Tabloid coverage about the guys and dolls of Young Hollywood could get sexist and nasty, but the early days of Pete and Ashlee’s love story were innocent and somber, the calm before Lindsay Lohan’s career and the global economy simultaneously blew up.
Read more: How 2007 Became a Meme
Their romance began, like many events in the cultural memory of 2007, in 2006 at the MTV Video Music Awards, where journalists captured them leaving together. A few months later, they entered a Grammys party arm-in-arm, and vacationed in March in Cabo San Lucas, where Ashlee donned Pete’s trademark fedora.
I’m attracted to creative people and train wrecks, and there’s no shortage of that in Los Angeles.
He told Rolling Stone of Ashlee that same month, “Maybe in a different universe, we’d be some hot couple, but not in this one.” Pete clarified, “I’m attracted to creative people and train wrecks, and there’s no shortage of that in Los Angeles.”
The next month, Ashlee attended the opening of Angels and Kings. Bright Lights, Big City author Jay McInerney said, “Ashley [sic] Simpson was pouting in a corner” in House & Garden magazine. (Culture was so low in the mid-2000s even Jay covered emo love affairs!)
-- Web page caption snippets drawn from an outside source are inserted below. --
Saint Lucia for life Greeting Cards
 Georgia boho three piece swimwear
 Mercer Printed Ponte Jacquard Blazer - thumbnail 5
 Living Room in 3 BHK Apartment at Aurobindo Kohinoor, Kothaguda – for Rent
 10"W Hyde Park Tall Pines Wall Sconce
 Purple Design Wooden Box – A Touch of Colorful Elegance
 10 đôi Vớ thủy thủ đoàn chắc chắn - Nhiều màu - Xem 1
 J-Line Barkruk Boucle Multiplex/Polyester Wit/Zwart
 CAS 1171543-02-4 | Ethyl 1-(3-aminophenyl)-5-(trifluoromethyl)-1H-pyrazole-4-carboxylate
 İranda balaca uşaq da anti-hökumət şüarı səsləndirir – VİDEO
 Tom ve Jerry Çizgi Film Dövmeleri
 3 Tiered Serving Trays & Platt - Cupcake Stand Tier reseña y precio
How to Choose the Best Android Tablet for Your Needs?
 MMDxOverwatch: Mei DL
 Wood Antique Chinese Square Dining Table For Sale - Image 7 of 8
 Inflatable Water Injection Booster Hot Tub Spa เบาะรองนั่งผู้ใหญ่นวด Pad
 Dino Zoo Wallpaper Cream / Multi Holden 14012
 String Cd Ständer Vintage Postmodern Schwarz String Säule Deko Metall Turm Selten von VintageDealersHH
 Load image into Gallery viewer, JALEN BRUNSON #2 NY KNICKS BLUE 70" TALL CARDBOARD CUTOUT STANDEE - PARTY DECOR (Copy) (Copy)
Rumors grew, and by June 2007, they had stopped denying their relationship. Confirmation stirred sexist rumors that Pete penned songs for Ashlee after she told Cosmopolitan about her new Tori Amos-inspired direction. “I love Warhol, of course,” Ashlee explained to MTV News. “Pop Art is always a good thing.” Pete defended his damsel to the cable TV channel on June 5 2007: “That’s pretty much the silliest rumor I’ve ever heard.” It was a gross, misogynistic tabloid tale, but a Disney movie compared to gossip mill stories about actual Disney star Lindsay Lohan.
Pete and Ashley danced it off, partying in the red rooms at Angels and Kings, the Max’s Kansas City of mid-2000s emo, for Pete’s birthday. Ashlee gifted him a Revenge of the Jedi poster (the original title for Episode VI) and a man bag. “I’m just her purse,” Pete told New York. “Look, I have her credit card!”
A few months later, they threw a 1980s prom-themed rager for Ashlee’s 23rd, where she wore a pink dress and crown and he slicked his emo bangs back and rocked a white suit. They posed for high school yearbook pictures and kissed for photos that will live on as Getty Images till the end of time.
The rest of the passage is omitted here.